── Available data ──

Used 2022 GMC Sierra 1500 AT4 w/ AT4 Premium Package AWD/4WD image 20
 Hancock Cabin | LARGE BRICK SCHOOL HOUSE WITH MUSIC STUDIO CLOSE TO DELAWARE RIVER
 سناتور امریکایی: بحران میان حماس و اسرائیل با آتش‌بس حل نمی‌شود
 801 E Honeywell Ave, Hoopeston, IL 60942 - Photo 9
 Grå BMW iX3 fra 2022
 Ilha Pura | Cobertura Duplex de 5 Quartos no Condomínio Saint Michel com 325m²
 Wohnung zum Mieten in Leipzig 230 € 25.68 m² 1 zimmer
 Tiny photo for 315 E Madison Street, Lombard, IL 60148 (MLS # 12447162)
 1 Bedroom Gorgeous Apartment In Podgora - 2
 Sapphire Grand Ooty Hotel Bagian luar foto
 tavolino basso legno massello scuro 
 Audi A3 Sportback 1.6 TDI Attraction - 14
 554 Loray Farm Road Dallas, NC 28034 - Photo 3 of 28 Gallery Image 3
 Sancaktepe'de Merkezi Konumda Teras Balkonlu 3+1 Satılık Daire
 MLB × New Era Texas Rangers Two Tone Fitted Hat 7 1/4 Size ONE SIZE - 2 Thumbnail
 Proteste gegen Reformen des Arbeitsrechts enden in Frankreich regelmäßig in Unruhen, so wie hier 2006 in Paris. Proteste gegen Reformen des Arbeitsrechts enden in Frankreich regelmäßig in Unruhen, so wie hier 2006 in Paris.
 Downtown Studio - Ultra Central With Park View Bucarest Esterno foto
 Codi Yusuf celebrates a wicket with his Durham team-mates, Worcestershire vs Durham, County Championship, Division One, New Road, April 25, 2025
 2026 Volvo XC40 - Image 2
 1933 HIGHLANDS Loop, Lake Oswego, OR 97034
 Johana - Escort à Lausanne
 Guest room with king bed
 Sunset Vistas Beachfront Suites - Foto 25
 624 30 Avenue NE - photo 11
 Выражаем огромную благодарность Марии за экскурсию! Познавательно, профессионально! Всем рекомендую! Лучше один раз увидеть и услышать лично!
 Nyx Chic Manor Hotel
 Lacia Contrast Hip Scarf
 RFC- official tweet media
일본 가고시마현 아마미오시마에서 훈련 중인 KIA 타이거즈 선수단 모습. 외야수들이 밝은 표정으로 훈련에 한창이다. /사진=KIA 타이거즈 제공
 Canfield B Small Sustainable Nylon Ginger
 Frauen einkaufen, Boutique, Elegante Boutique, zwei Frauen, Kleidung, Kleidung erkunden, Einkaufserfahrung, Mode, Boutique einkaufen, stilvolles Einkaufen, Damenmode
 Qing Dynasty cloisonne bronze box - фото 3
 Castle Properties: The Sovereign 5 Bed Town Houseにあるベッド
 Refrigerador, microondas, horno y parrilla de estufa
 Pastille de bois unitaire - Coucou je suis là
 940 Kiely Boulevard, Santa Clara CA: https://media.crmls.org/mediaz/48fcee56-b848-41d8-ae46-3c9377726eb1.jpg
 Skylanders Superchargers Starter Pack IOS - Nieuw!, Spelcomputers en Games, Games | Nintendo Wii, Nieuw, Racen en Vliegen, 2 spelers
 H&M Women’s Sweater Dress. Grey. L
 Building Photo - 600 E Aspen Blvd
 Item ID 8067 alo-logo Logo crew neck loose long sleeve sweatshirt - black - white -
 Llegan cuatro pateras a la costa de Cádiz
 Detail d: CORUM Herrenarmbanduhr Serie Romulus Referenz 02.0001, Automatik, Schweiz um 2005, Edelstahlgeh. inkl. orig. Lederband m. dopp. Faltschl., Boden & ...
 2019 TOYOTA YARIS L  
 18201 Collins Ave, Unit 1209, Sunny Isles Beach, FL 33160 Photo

───

● Task
Return only the number of lines above in which the string "media" occurs.

● Answer box
2